Data entries:
┌──
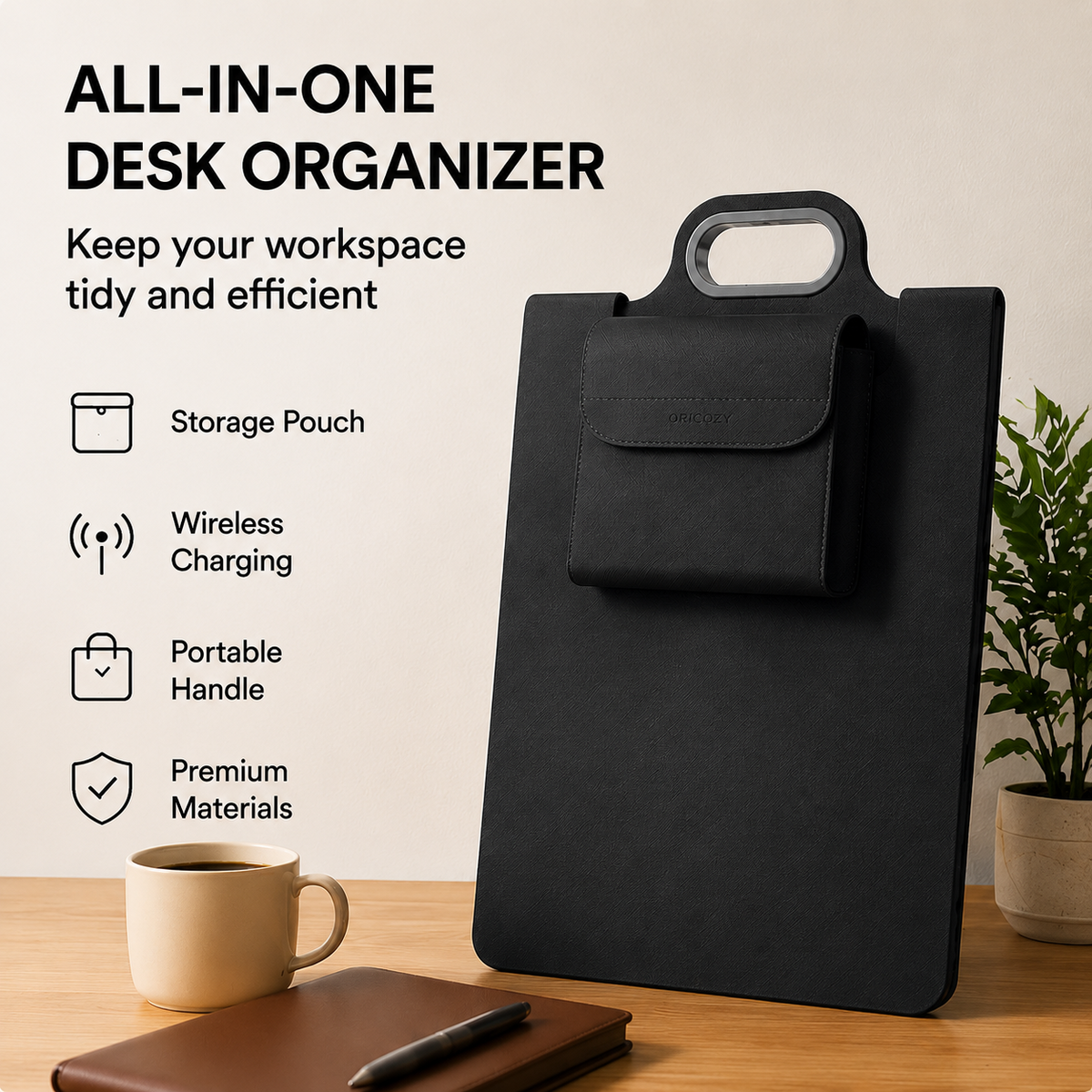 3-in-1 Laptop Sleeve with Wireless Charger & Stand
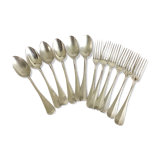 Silver metal covers in their pouch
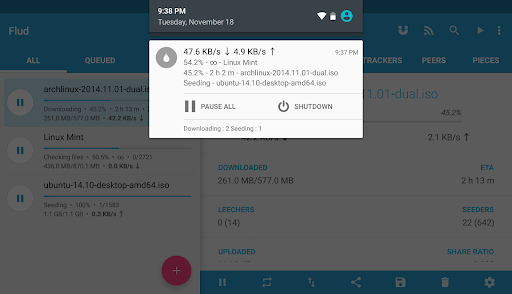 Flud+ screenshot 2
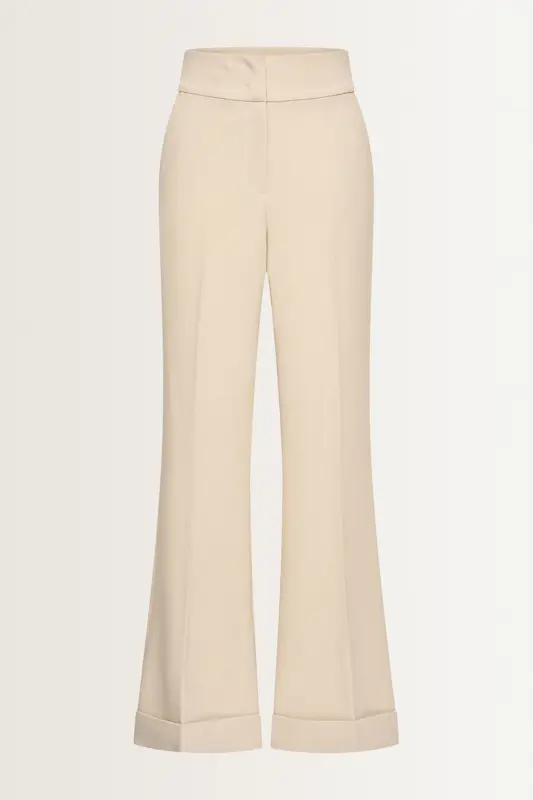 Flared pantalon in melangestof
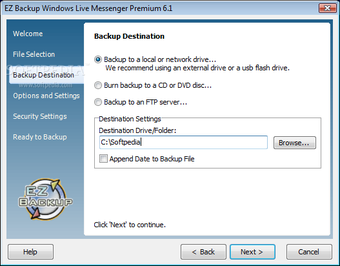 Image 0 for EZ Backup Windows Live Me…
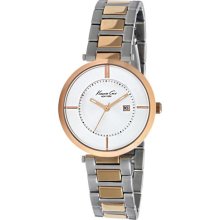 Kenneth Cole New York Women's KC4713 Analog Grey Time Silver Dial ...
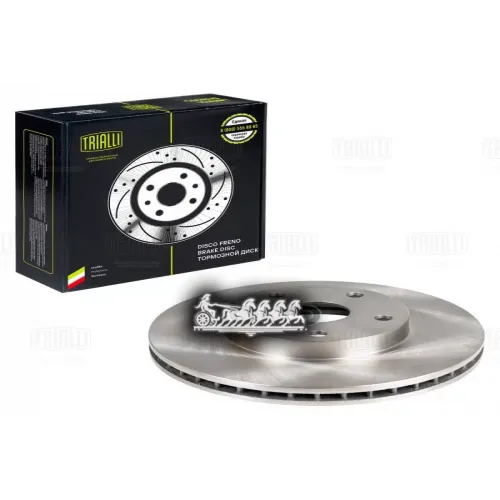 Диск Тормозной Geely Emgrand 07- Перед. D=281 Trialli 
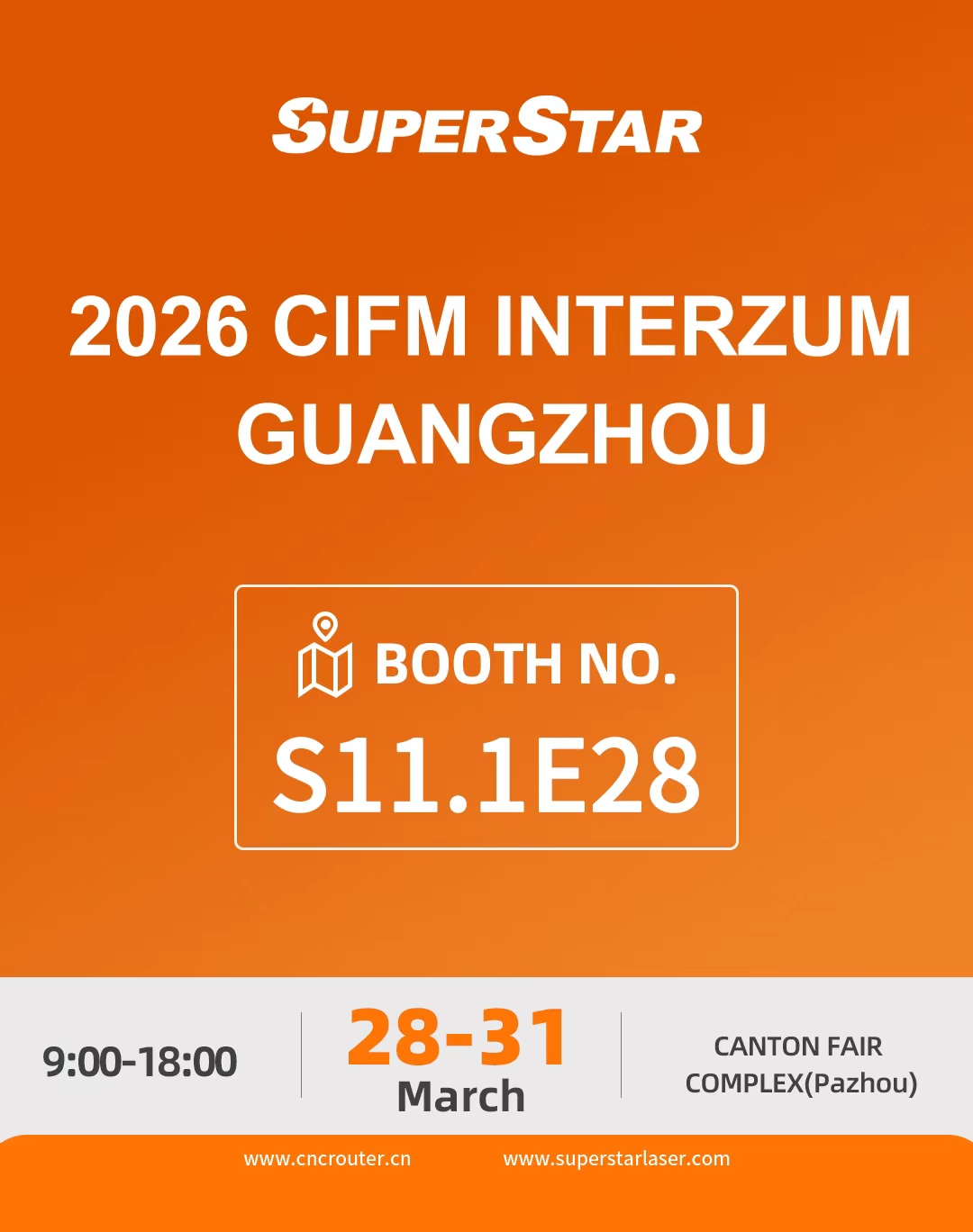 Superstar at CIFM / interzum guangzhou 2026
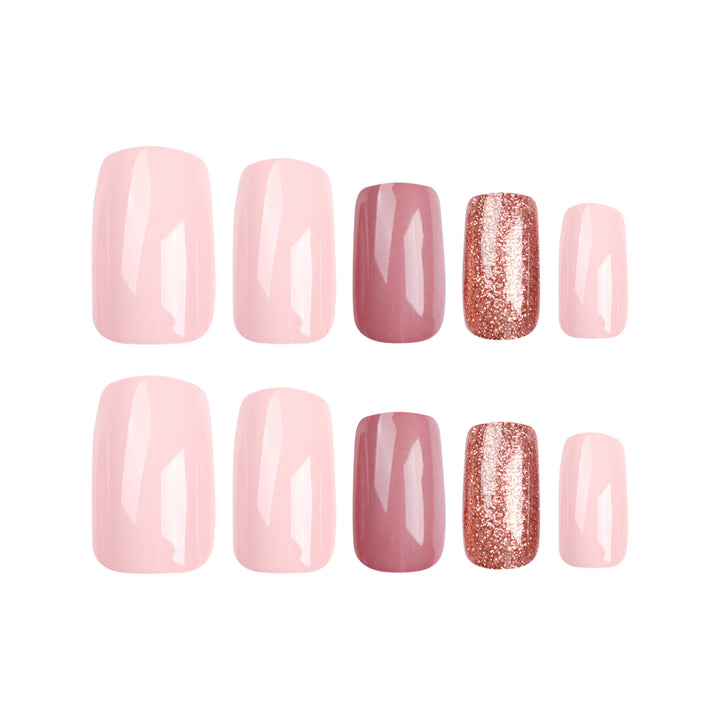 Nail extensions with shimmering accents Stornfield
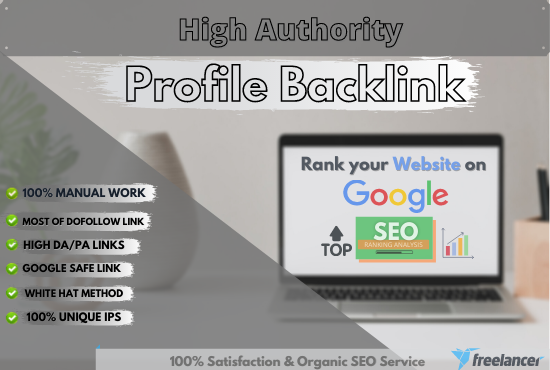 I will do 70 high domain authority SEO dofollow profi...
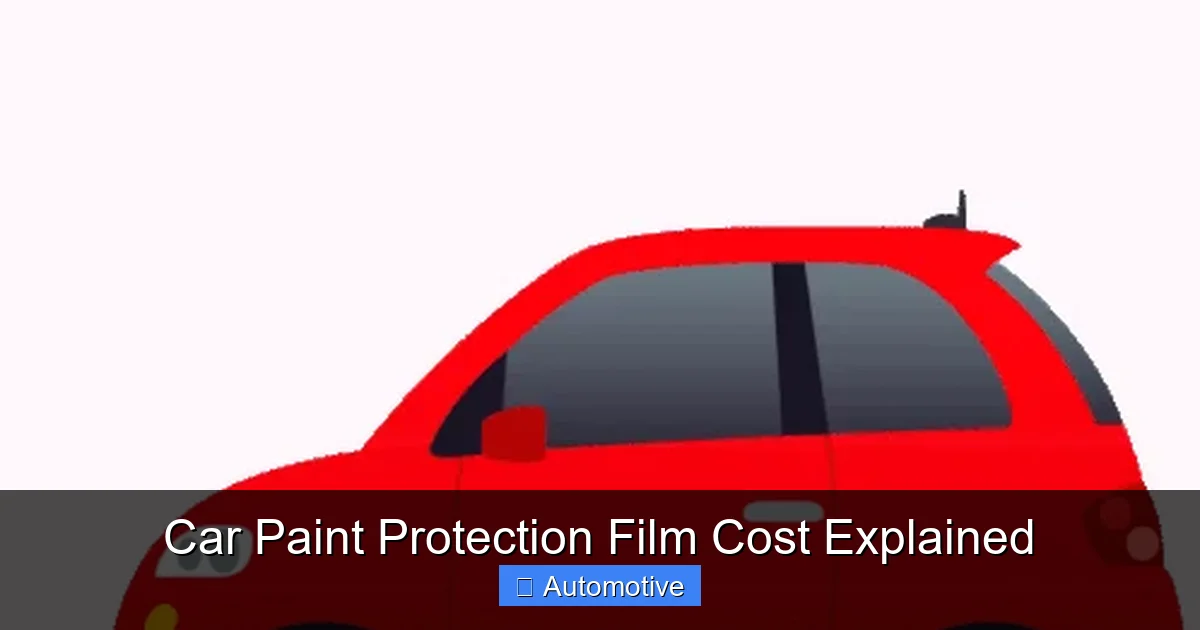 Car Paint Protection Film Cost Explained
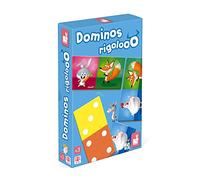Janod - Dominos Rigolooo - Jeu de Mémoire et d'Association - 2 Niveaux de jeu - 2 à 4 joueurs - Dès 3 Ans - J02737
└──
→ TASK DETAILS
Please retype the lines from the one containing "Car Paint Protection Film Cost Explained" through the last line of the records above, exactly as written, and leave out any pictures.

→ WRITTEN ANSWER
 Car Paint Protection Film Cost Explained
Janod - Dominos Rigolooo - Jeu de Mémoire et d'Association - 2 Niveaux de jeu - 2 à 4 joueurs - Dès 3 Ans - J02737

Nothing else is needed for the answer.